I have been fortunate to attend a few THATCamps connected to academic conferences for historians, and I have wanted to work with others to create a THATCamp (and, we hope, a series of unconferences) rooted in New Orleans and the Gulf Coast region. UNO and USM folk from various backgrounds started to collaborate on digital projects several years ago via content development for the Hurricane Digital Memory Bank, whose project funding birthed the precursor to Omeka. Therefore, we sought to begin the process of making connections and building a community that transcends the typical borders separating people engaged in digital projects.

One of the best features of THATCamps is their ability to facilitate interdisciplinary exchanges. The conversations that take place when librarians, archivists, museum curators, graduate students, K-12 faculty, public historians, humanities faculty, and others gather together are invaluable. I hope our first gathering will help us to develop a supportive community. I had the pleasure of teaching history and writing classes in a computer classroom starting in 1993 and presenting at Computers & Writing in 1997, so I know how much good comes from getting out of disciplinary ruts or sinkholes.

Maybe we will come up with some solutions to a few of the common problems facing most who work on noncommercial digital projects in the Deep South:

*lack of funding and/or the constant threat of losing meager funding sources;

*lack of administrative support, including attention to key issues such as time & labor & technical support; and

*lack of interest and/or respect for non-commercial digital work, regardless of whether it’s presented as “digital humanities” and if DH’s time as the latest academic fad may seem to have come (and gone).

The arrival of Gena Chattin and Jennifer Jackson on UNO’s campus in concert with the long-term interest shown by Jeanne Pavy and others at UNO as well as Jeanne Gillespie and Diane Ross on USM’s campus have served as the catalyzing energies that have allowed us to move forward. More recently, UNO’s History Department has partnered with Vicki Mayer in Tulane’s Communication Department for a mobile history (ios and Android or Google Play) project using omeka known as neworleanshistorical.org.

Let’s begin to collaborate to build a more effective DH community.

Categories: Administrative, Collaboration, Funding, Project Management, Session Proposal, Your Categories Are Inadequate |

About Michael Mizell-Nelson

Interests: digital projects; New Orleans & Louisiana history; public history; documentary video production; labor and food history; 20th century US history.

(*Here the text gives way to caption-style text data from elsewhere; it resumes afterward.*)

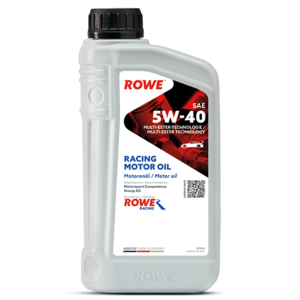 ROWE Hightec SAE 5W-40 Racing Motor Oil 1 Liter Bottle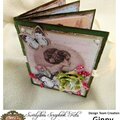 Handbag Mini Album **Swirlydoos Kit Club**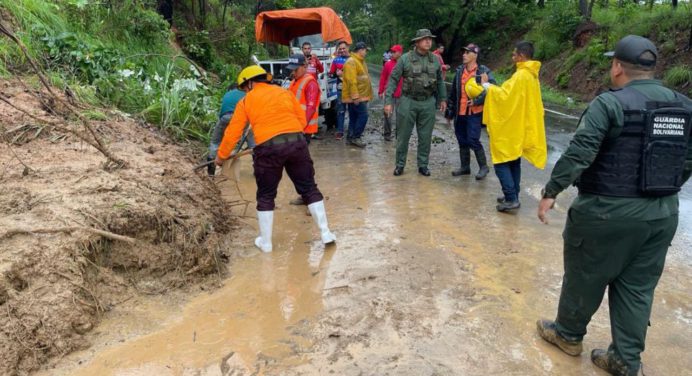 Fuertes aguaceros en Barinas activa la alerta de las autoridades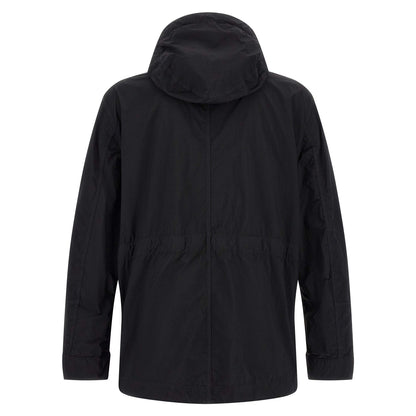 Stone Island Black Polyamide Shell Jacket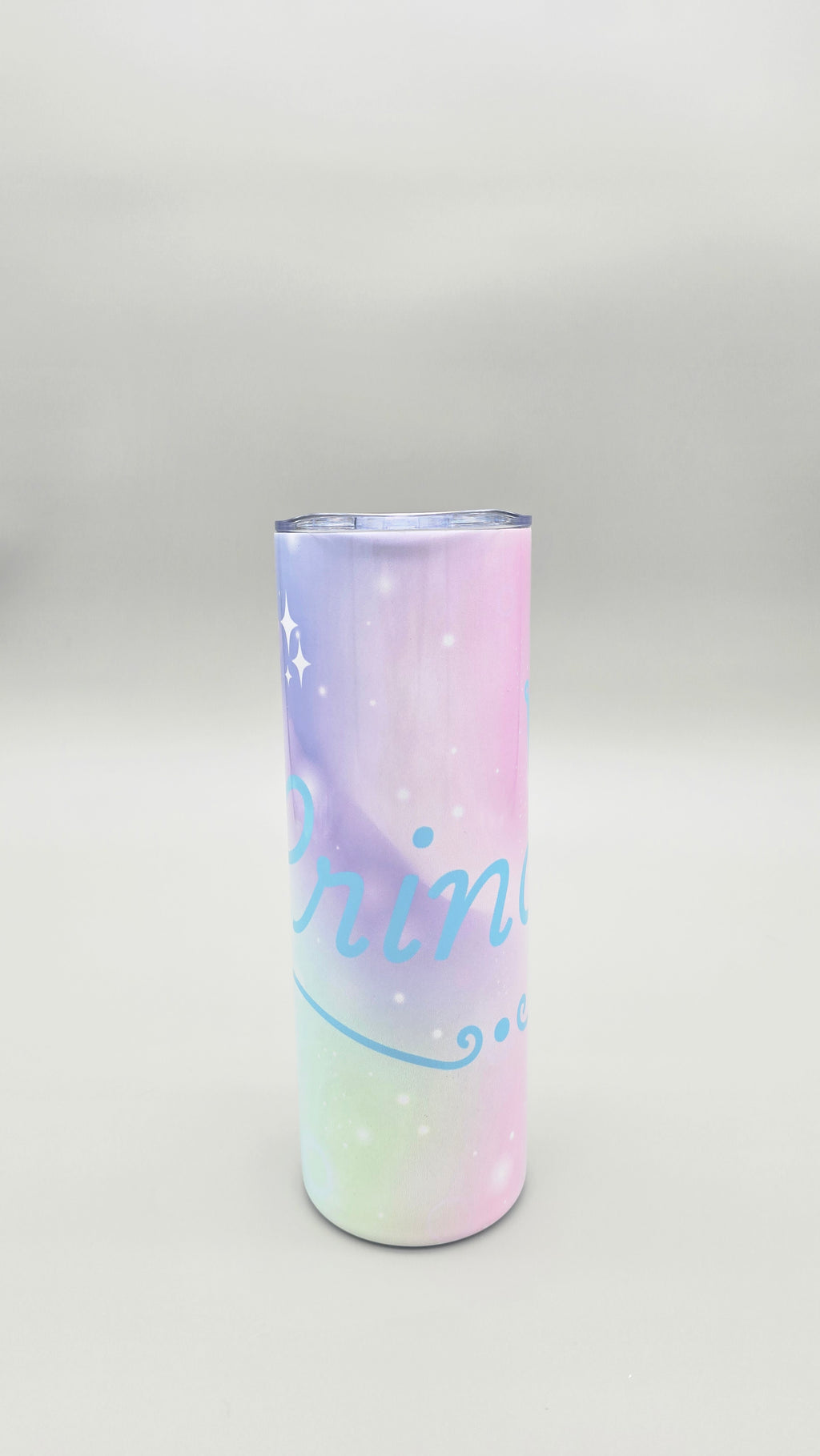 Blue Princess 20oz Straight Skinny Tumbler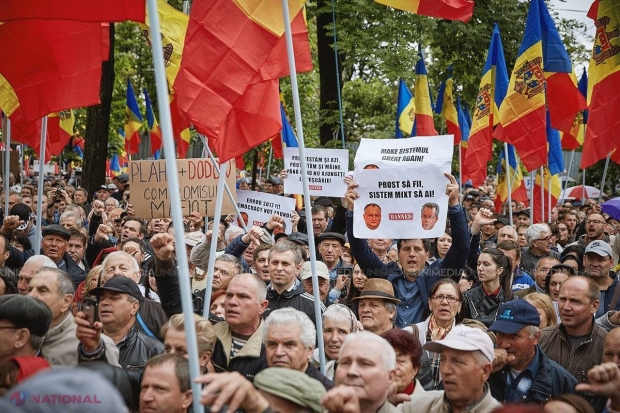 Usatîi cheamă cetățenii să continue PROTESTELE. „Sunt sigur că pe zice ce trece vom fi mai mulți, iar în cazul acesta șansele regimului se vor reduce”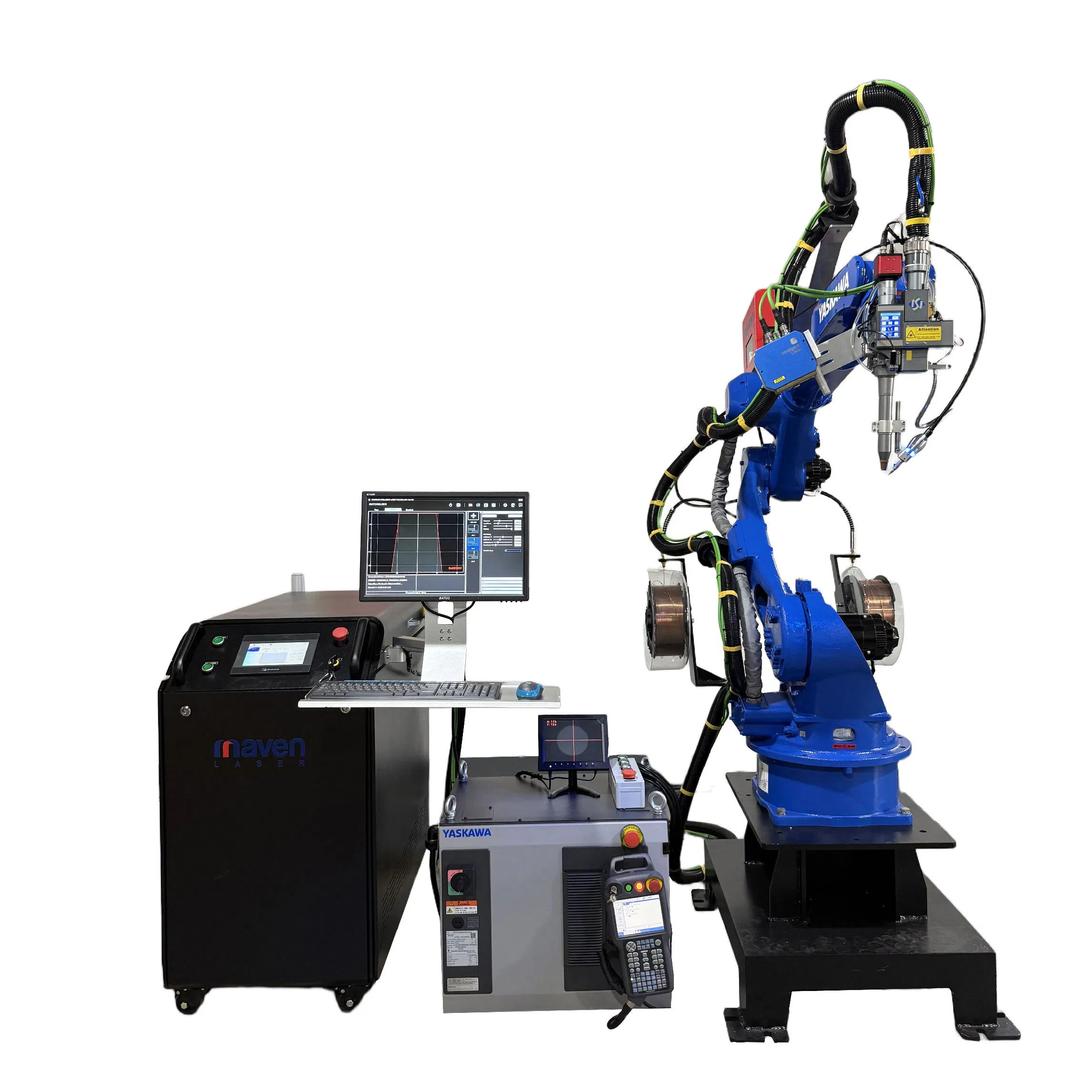 Multifunctional MIG Arc Spot Fiber Laser Welding Machine Portable Mini Aluminum Welder Cobot Jewelry Making Laser Cleaning Soldering Machinery Soldar Machine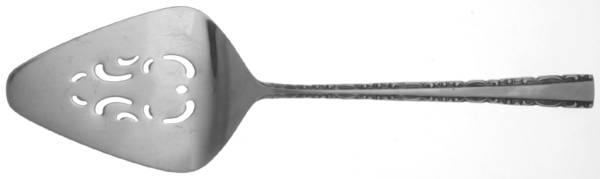 RDS47 Pierced All Stainless Pie Server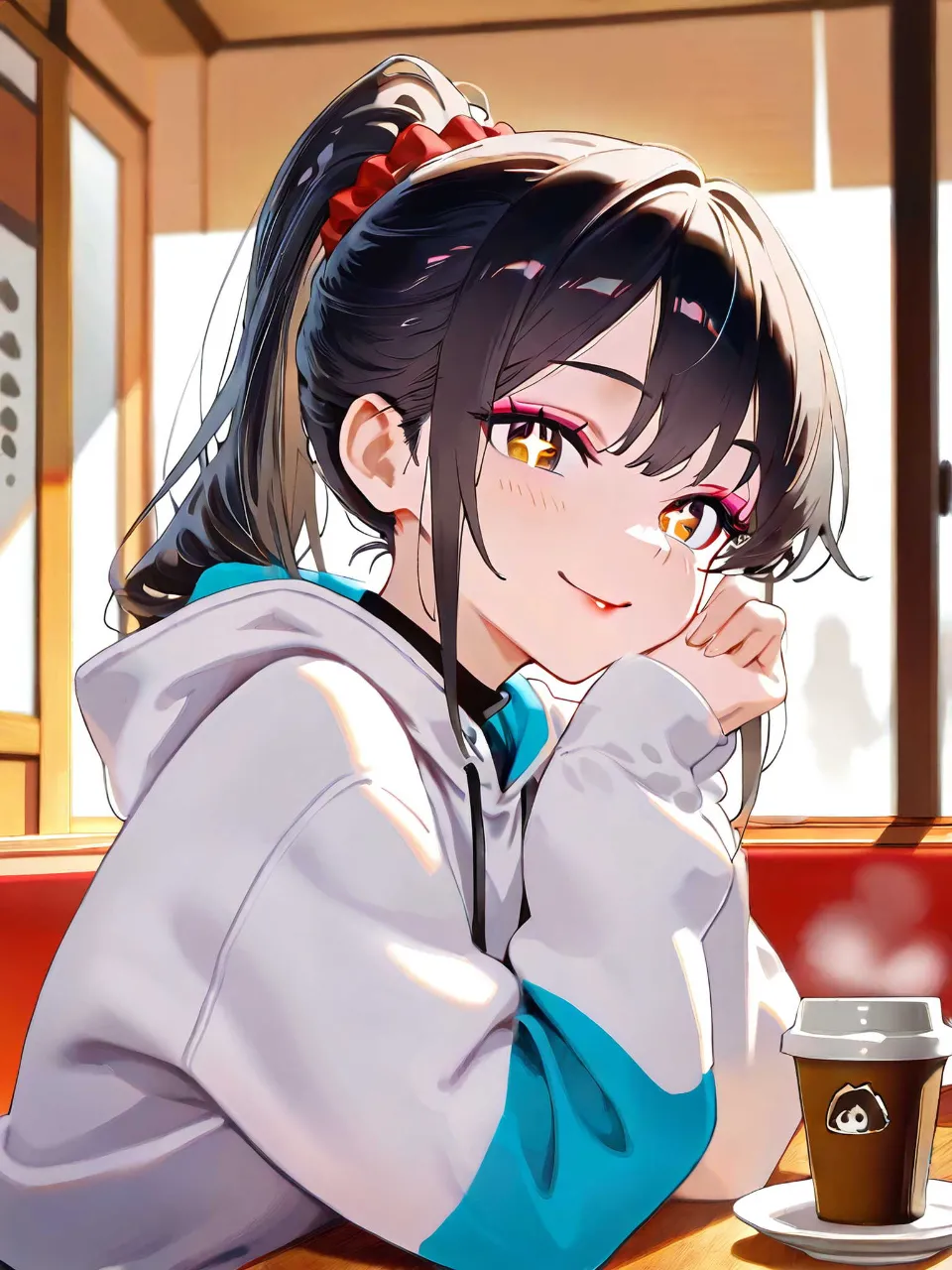 ね、ポニー似合う?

1 Response to Building an Interdisciplinary Digital Humanities/New Media Community in the Deep South

  1. Vicki Mayer says:

    Yea! I’d love to see even a semesterly meeting group with notes online so others can see all the projects out there in Nola. To the last point, has DH come and gone, I’d say NO! It’s a fuzzy concept, MOOCs and all, but it is here to stay. I was just in Toronto for a DH meeting of about 1000 people from everywhere. I think the key for New Orleans is to not go at it alone, to pool those resources, whether time or money. I’ll be there for sure!